Perché quando il brand è confuso, non è solo la comunicazione a essere disordinata, è il lavoro
stesso.
–
Ti racconto una cosa (mia)
C’è stato un periodo in cui facevo di tutto.
Logo.
Social.
Impaginazioni.
Richieste veloci.
Progetti spezzettati.
Ero brava (senza presunzione ahah). Lavoravo tanto. Ma non ero tanto centrata (anzi non lo ero
proprio per niente).
Accettavo lavori che non mi rappresentavano del tutto.
Dicevo sì a richieste frammentate.
Mi adattavo più di quanto guidassi.
Non era un problema di competenze.
Era un problema di identità.
Il mio brand non aveva ancora una direzione dichiarata.
E quando non dichiari chi sei, il mercato decide per te.
Il giorno in cui ho chiarito il mio posizionamento ovvero una guida strategica, non esecutrice
creativa, è cambiato il modo in cui lavoravo.
Non solo come mi presentavo.
Ma come sceglievo.
–
Quando il brand è chiaro, cambia cosa accetti
Una delle trasformazioni più evidenti è questa:
Prima:
“Posso fare questo?”
Dopo:
“Questo è coerente con la mia direzione?”
Sembra sottile. MA NON LO È.
Una mia cliente, chiamiamola GELTRUDE (non so perchè ma è simpatico il nome), aveva uno
studio già avviato. Professionale, competente, con clienti fedeli.

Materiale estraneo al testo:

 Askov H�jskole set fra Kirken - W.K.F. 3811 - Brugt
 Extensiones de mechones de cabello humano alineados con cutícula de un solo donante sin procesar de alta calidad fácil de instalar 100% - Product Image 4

Ma aveva una comunicazione disordinata, materiali diversi tra loro, messaggi che cambiavano
tono a seconda del giorno.
Quando abbiamo lavorato sull’identità, non abbiamo iniziato dal logo.
Abbiamo iniziato da una domanda semplice:
“Che tipo di professionista vuoi essere tra tre anni?”
Da lì è cambiato tutto.
Non solo l’immagine, ma tutte le scelte.
Ha iniziato a:
- rifiutare collaborazioni disallineate
- rivedere l’offerta
- chiarire i servizi
- comunicare meno, ma meglio
Il brand non ha cambiato solo il feed.
Ha cambiato il filtro con cui prende decisioni.
–
Il momento di consapevolezza
C’è sempre un momento preciso:
Quello in cui la persona si rende conto che il problema non è “l’estetica”.
Ma è la mancanza di struttura.
Nel mio caso è stato quando ho capito che:
- volevo guidare, non solo eseguire
- volevo lavorare con brand consapevoli, non con chi cercava solo un logo
- volevo costruire sistemi, non pezzi
- Volevo fare qualcosa di più grande che potesse soddisfare a lungo termine chi decideva di
affidarsi a me
Nel caso di Geltrude è stato quando mi ha detto:
“Mi sento finalmente coerente anche quando dico no.”
Quella frase vale più di qualsiasi restyling.
Perché quando il brand è chiaro, non ti cambia solo fuori. Ti cambia dentro.
(Mi fa ancora ridere il nome Geltrude)
–
La trasformazione vera (quella VERA VERA che non si vede nelle palette)
Dopo un lavoro profondo di brand succedono cose molto concrete.
Il brand diventa una bussola.
Non devi più reinventarti ogni mese.
Non devi più rincorrere trend.
Non devi più chiederti ogni volta se “funzionerà”.
Sai cosa è coerente.
Sai cosa no.
E questo alleggerisce tantissimo.
–
Nella pratica: cosa significa “immaginare il dopo”
Il dopo non è:
- solo un logo più bello
- solo un sito più ordinato
- solo un feed più coerente
Il dopo è:
- sentirti centrata quando parli del tuo lavoro
- non dover giustificare il tuo prezzo
- sapere a chi stai parlando
- avere un sistema che regge anche quando sei stanca
- lavorare con persone più allineate
È una trasformazione operativa.
Il brand cambia il modo in cui ti muovi nel mercato.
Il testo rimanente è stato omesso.